Stored items:
╔══
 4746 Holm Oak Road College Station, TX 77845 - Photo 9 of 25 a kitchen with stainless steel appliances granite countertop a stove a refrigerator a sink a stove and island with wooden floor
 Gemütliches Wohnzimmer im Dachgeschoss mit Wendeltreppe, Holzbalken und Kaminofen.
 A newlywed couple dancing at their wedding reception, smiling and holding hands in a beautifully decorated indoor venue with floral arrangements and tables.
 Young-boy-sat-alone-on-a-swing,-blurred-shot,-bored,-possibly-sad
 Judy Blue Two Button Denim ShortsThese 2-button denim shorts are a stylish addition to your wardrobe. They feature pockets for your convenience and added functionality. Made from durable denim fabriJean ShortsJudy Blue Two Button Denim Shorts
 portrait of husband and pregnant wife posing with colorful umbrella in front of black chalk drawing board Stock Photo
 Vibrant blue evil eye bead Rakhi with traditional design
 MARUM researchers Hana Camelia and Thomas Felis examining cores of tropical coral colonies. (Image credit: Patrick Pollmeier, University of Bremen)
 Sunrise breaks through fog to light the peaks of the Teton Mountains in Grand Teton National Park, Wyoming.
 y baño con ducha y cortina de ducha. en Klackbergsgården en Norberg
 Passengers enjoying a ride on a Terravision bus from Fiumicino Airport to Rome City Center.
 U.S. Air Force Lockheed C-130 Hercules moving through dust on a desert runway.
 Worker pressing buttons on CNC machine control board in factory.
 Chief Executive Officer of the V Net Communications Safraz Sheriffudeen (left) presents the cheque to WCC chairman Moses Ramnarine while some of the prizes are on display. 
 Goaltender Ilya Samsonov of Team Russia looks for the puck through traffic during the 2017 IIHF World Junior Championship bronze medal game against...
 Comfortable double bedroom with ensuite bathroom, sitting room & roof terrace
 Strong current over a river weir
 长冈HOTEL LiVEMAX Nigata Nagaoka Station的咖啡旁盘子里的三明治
╚══
Nothing but a number is expected: the count of lines in the data that include the word "board".

**Result of the task**
2